● **Recorded data**
────────────────

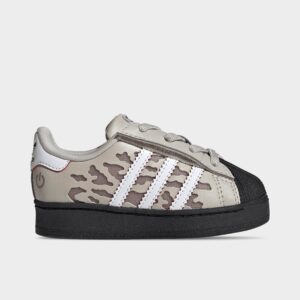 Toddler adidas Originals Superstar LED Lights Comfort Closure Stretch Lace Casual Shoes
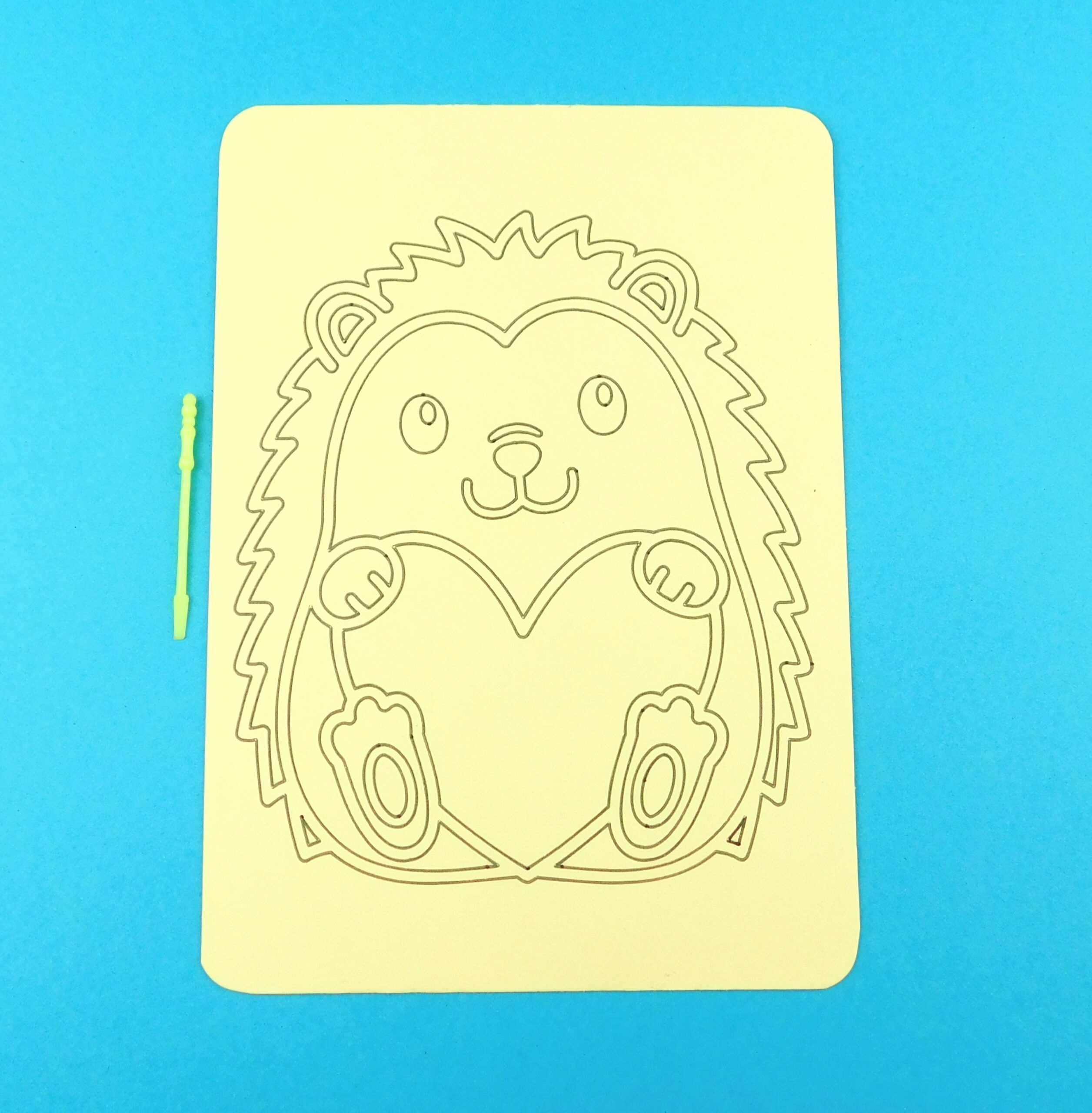 A5 Hedgehog Sand Art Kit - Image 6
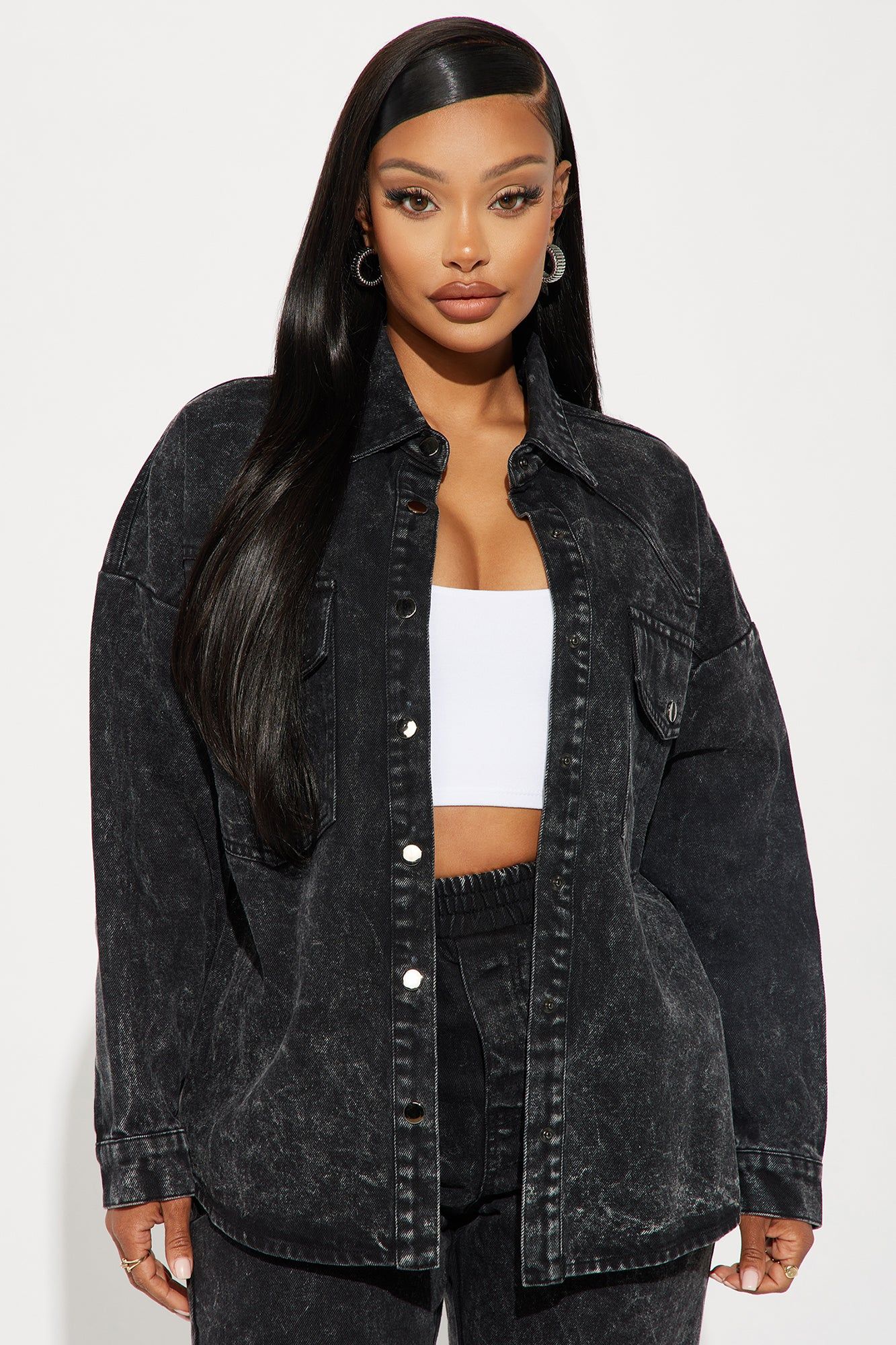 The Only Match Denim Pant Set - Black sold by Fashion Nova product image thumbnail 2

────────────────

● **Exercise description**
Everything from the line containing "A5 Hedgehog Sand Art Kit - Image 6" to the last line of the listing above is to be written out exactly, except the pictures, and nothing else.

● **Task solution**
 A5 Hedgehog Sand Art Kit - Image 6
 The Only Match Denim Pant Set - Black sold by Fashion Nova product image thumbnail 2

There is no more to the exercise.